Task requirements: Could you please reproduce every record below exactly, leaving out the pictures?

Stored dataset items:
====

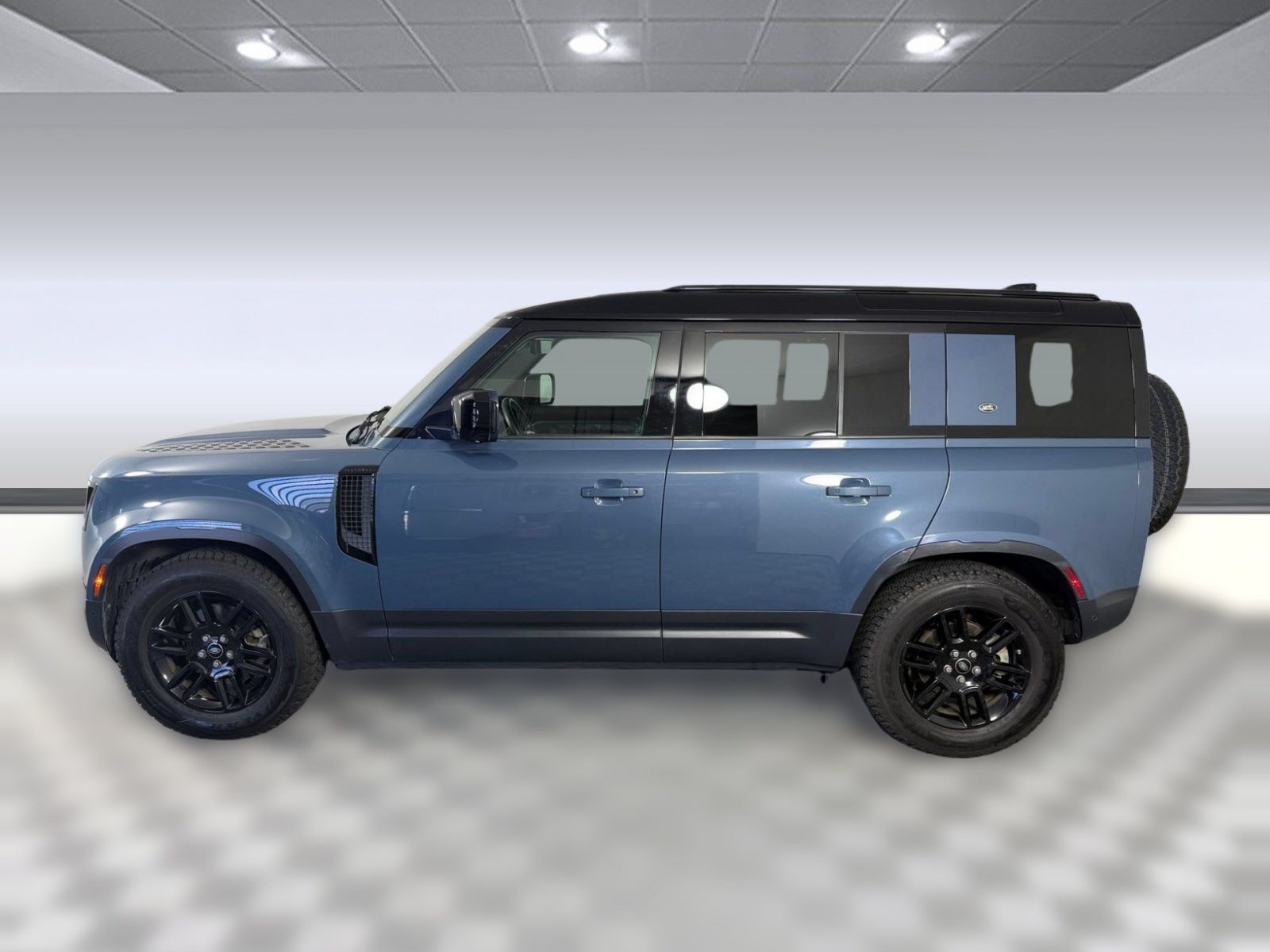 Used 2020 Land Rover Defender 110 S AWD/4WD image 2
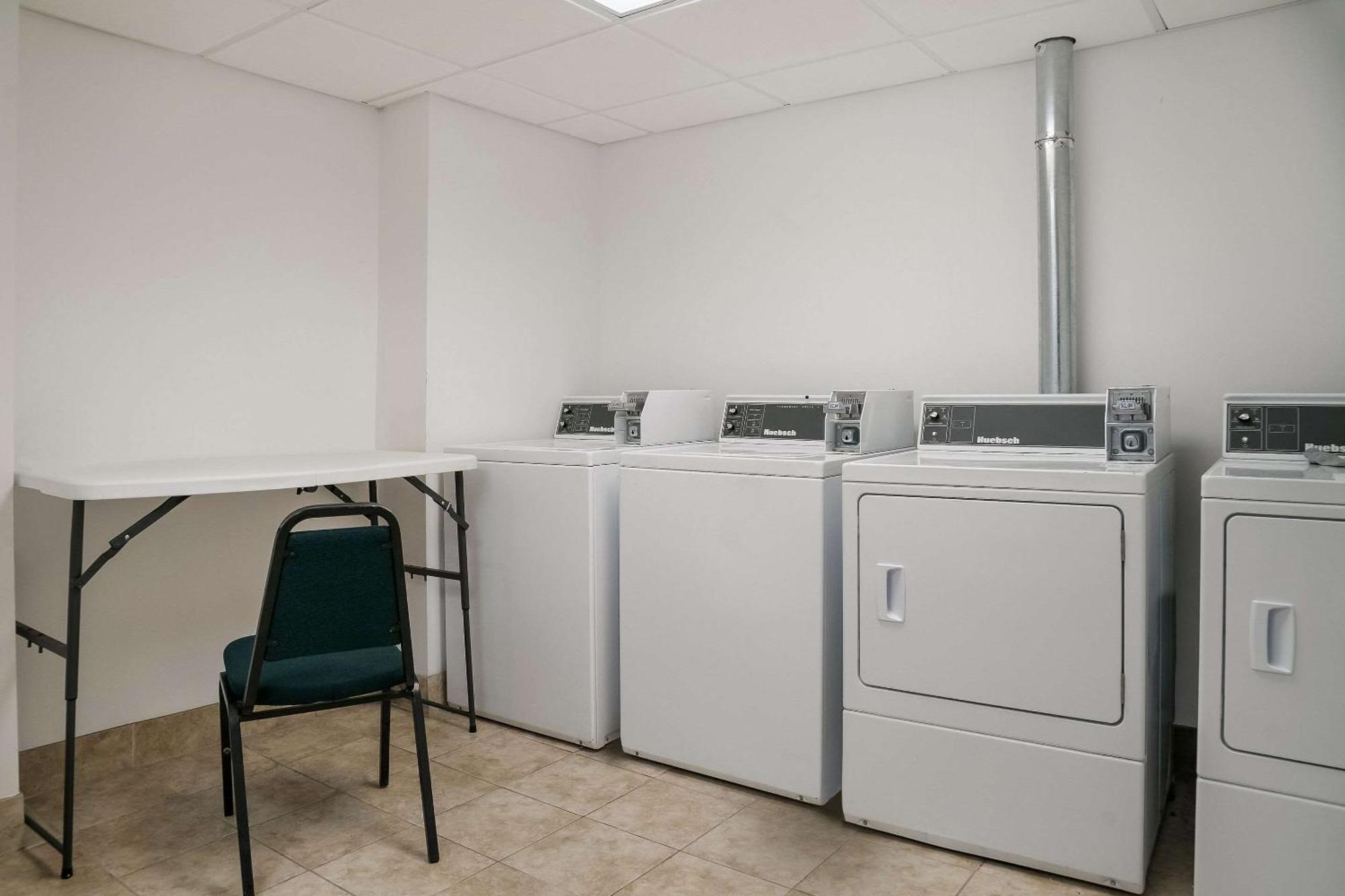 Quality Inn & Suites Саґіно Екстер'єр фото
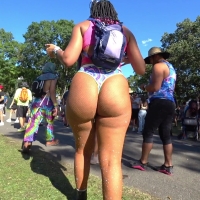 Ebony rave jiggle
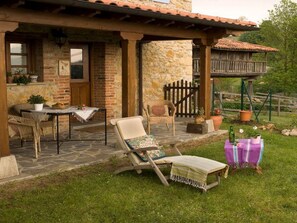 Outdoor dining - Maria Sopeña in Pruneda by Interhome (Pruneda)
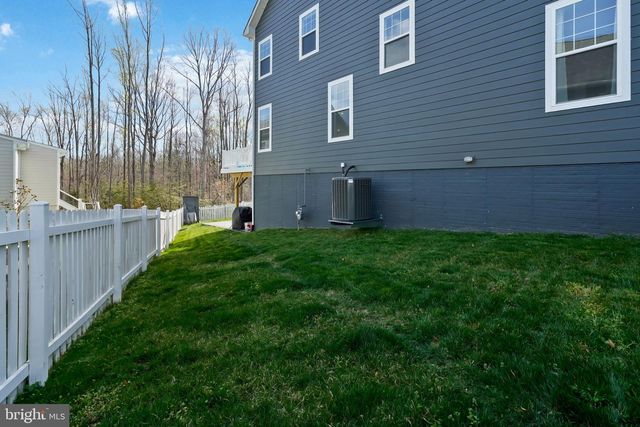 18150 MARSH PINE RD, Dumfries, VA 22026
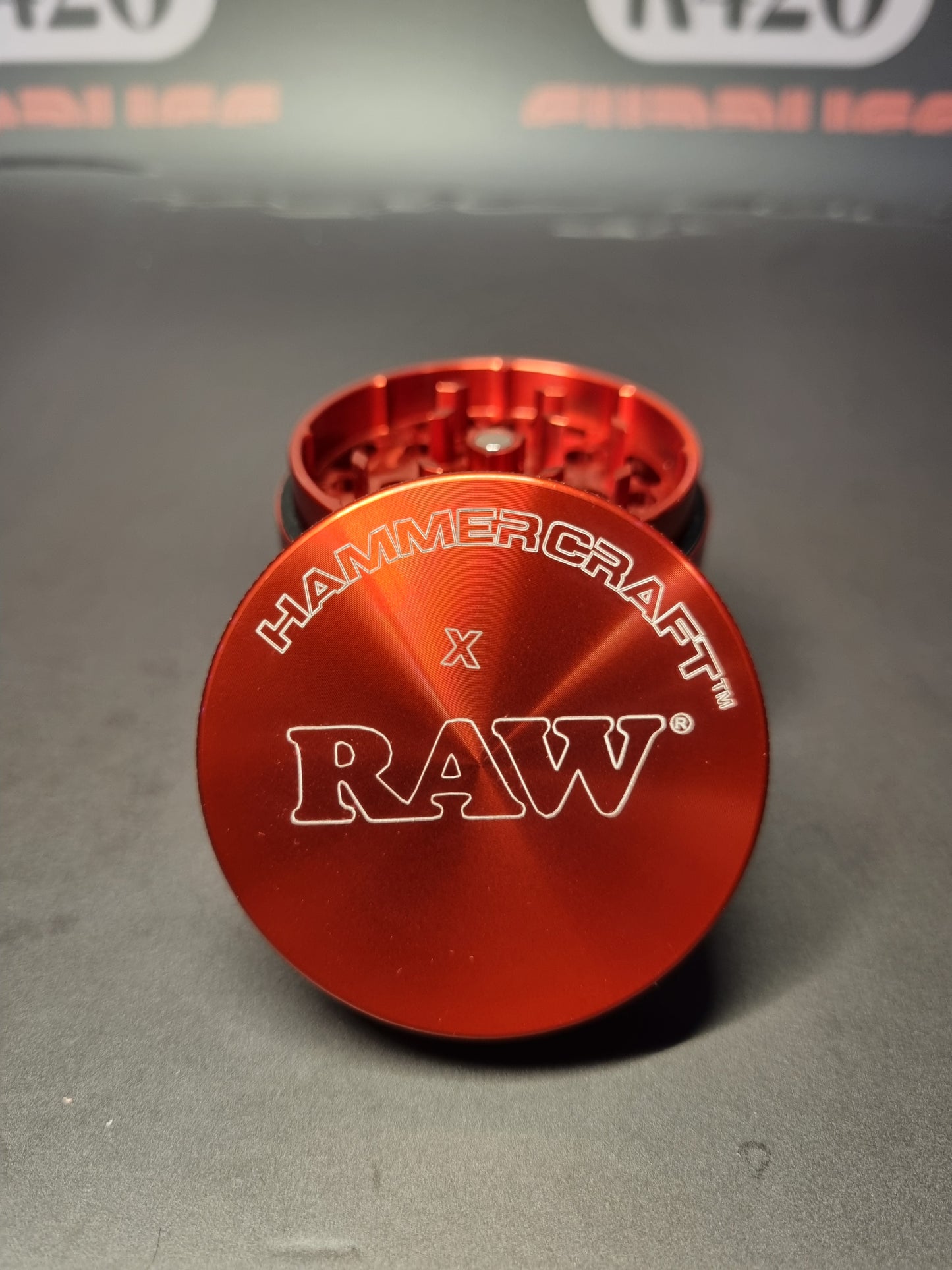Hammercraft x RAW Aluminium  Grinder - 4 Piece  - Medium 55mm - Red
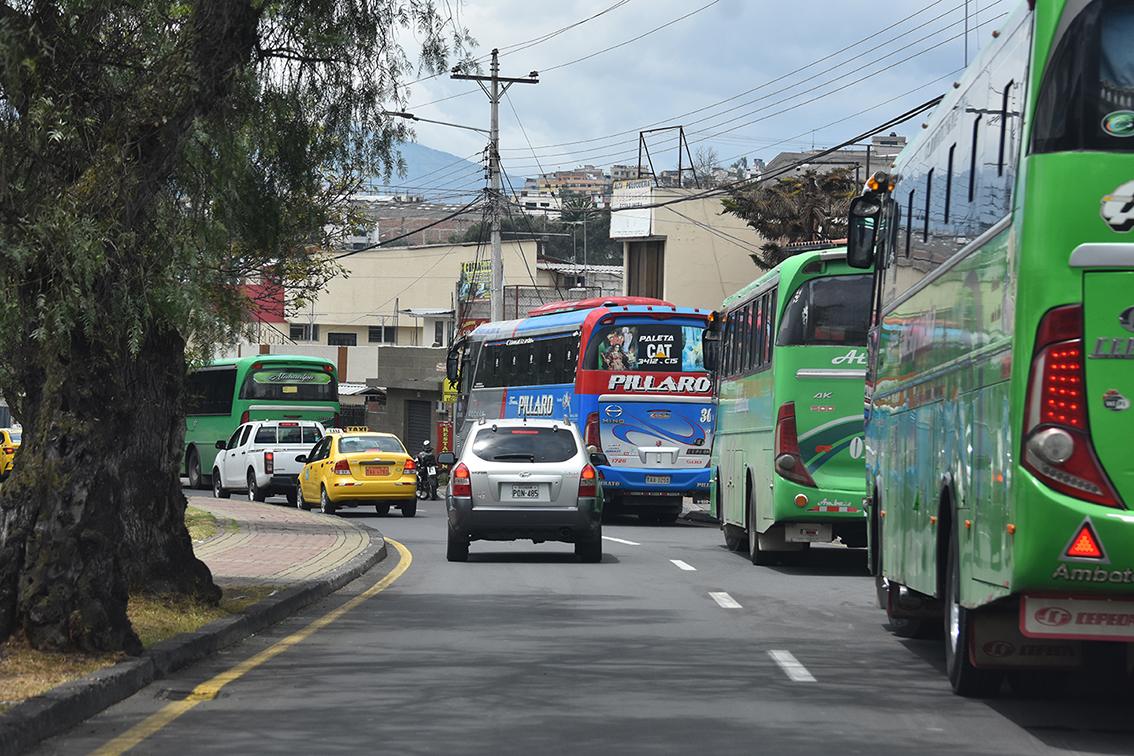 Los buses que salen de la terminal de Ingahurco se parquean en lugares prohibidos.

====

Solution to this task:
 Used 2020 Land Rover Defender 110 S AWD/4WD image 2
 Quality Inn & Suites Саґіно Екстер'єр фото
 Ebony rave jiggle
 Outdoor dining - Maria Sopeña in Pruneda by Interhome (Pruneda)
 18150 MARSH PINE RD, Dumfries, VA 22026
Hammercraft x RAW Aluminium  Grinder - 4 Piece  - Medium 55mm - Red
 Los buses que salen de la terminal de Ingahurco se parquean en lugares prohibidos.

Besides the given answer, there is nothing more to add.